WORK REQUEST:
Output each entry exactly; skip nothing.

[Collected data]
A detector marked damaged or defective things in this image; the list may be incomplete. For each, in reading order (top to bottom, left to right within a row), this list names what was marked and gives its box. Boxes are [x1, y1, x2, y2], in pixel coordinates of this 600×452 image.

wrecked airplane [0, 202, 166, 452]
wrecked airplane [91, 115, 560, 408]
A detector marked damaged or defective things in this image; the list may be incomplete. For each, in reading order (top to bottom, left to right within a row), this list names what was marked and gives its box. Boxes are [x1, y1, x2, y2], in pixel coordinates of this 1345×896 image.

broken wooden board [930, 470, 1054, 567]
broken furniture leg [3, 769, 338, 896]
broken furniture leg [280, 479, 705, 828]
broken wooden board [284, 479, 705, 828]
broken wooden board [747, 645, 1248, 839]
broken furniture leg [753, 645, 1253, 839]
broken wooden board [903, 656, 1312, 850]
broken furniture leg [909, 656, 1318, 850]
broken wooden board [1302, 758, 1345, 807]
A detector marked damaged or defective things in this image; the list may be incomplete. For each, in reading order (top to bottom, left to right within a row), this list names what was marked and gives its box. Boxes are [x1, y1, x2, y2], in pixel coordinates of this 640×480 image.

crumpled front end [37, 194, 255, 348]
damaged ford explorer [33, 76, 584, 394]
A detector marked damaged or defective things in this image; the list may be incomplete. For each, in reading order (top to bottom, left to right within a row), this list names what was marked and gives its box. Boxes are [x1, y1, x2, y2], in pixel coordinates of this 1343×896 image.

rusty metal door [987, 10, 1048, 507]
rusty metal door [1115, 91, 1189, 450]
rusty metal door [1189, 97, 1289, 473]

SOLUTION FOR THIS TASK:
A detector marked damaged or defective things in this image; the list may be incomplete. For each, in reading order (top to bottom, left to right within a row), this list names what was marked and gives its box. Boxes are [x1, y1, x2, y2], in pixel coordinates of this 600×452 image.

wrecked airplane [0, 202, 166, 452]
wrecked airplane [91, 115, 560, 408]
A detector marked damaged or defective things in this image; the list may be incomplete. For each, in reading order (top to bottom, left to right within a row), this list names what was marked and gives its box. Boxes are [x1, y1, x2, y2], in pixel coordinates of this 1345×896 image.

broken wooden board [930, 470, 1054, 567]
broken furniture leg [3, 769, 338, 896]
broken furniture leg [280, 479, 705, 828]
broken wooden board [284, 479, 705, 828]
broken wooden board [747, 645, 1248, 839]
broken furniture leg [753, 645, 1253, 839]
broken wooden board [903, 656, 1312, 850]
broken furniture leg [909, 656, 1318, 850]
broken wooden board [1302, 758, 1345, 807]
A detector marked damaged or defective things in this image; the list may be incomplete. For each, in reading order (top to bottom, left to right within a row), this list names what was marked and gives its box. Boxes are [x1, y1, x2, y2], in pixel coordinates of this 640×480 image.

crumpled front end [37, 194, 255, 348]
damaged ford explorer [33, 76, 584, 394]
A detector marked damaged or defective things in this image; the list may be incomplete. For each, in reading order (top to bottom, left to right within a row), this list names what was marked and gives its box. Boxes are [x1, y1, x2, y2], in pixel coordinates of this 1343×896 image.

rusty metal door [987, 10, 1048, 507]
rusty metal door [1115, 91, 1189, 450]
rusty metal door [1189, 97, 1289, 473]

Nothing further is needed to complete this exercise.